Dr. Christof (Christoph) Koch

So the circuits that convey experience in us, I'm not saying it's the same in other species, particularly, you know, non-mammals, but in us,

that grew up with the normal brain.

Again, I'm not talking about people who never, you know, unencephalic individuals.

That's very different.

So for most of us, we grew up with the normal brain.

And I think there the relevant circuits are the corticothalamo circuits.

And we can, in fact, we can exploit this knowledge now to test whether someone is conscious.

Because in principle, so what you can do

You can knock the brain using a technique called transcranial magnetic stimulation, right?

And then you listen to its echo using a high-density EEG net, okay?

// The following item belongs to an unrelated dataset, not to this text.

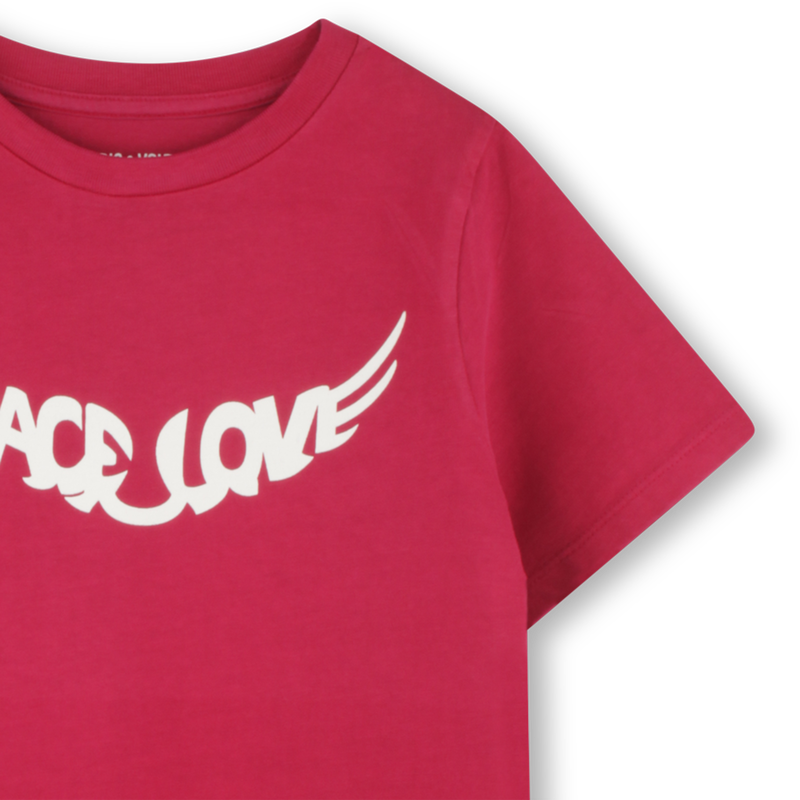 Strandjurk ZADIG & VOLTAIRE 
                        GIRL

And you can see if you knock here or here, depending where exactly you knock, you get these up and down states.

And if they last for, let's see, 200, 300, 400 milliseconds, and they occur at different places, you can formally compute what's called brain complexity using Lempel-Ziv complexity.

And you can show when...

Everyone who's either awake like us or we sleep in a dream state or we're on ketamine where we dissociate it, in all those cases, the brain complexity is high.

It's above a threshold.

However, when you're in a non-REM state, when you're in a state of deep sleep or you're anesthetized or you're, of course, in the most extreme case, your brain dead, then the brain complexity is very low.

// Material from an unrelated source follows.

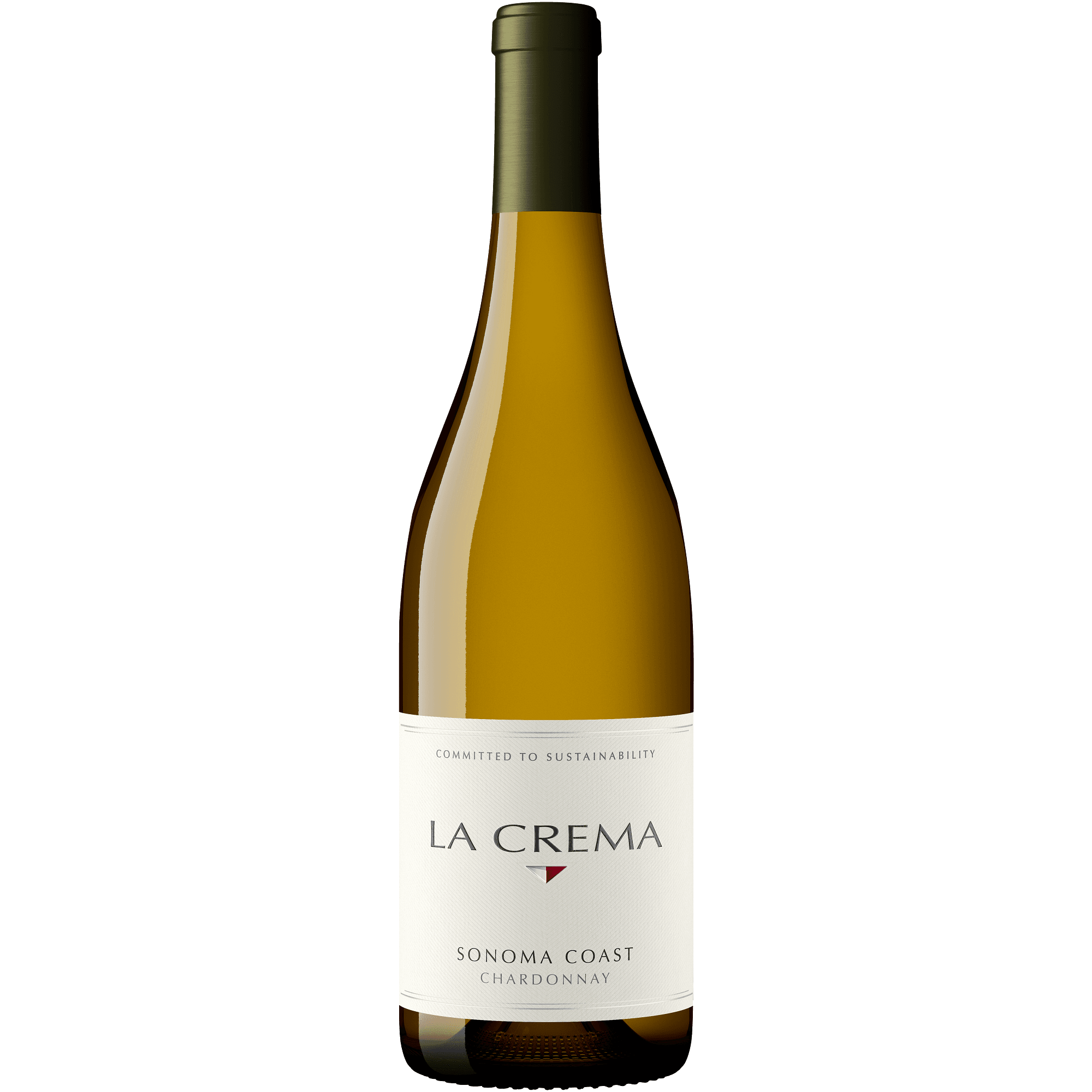 La Crema Sonoma Coast Chardonnay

And in animals, we've even done at the Allen Institute, we've done this experiment where we can systematically manipulate the corticothalamocortical circuits to really show it is this circuit that is really, that is the one that's critically involved

In fact, what we discovered over the last 10 years is this very abrupt threshold in brain complexity defined using this technique.

There's a thing called perturbational complex index.

It's a single number, PCI, between zero and one.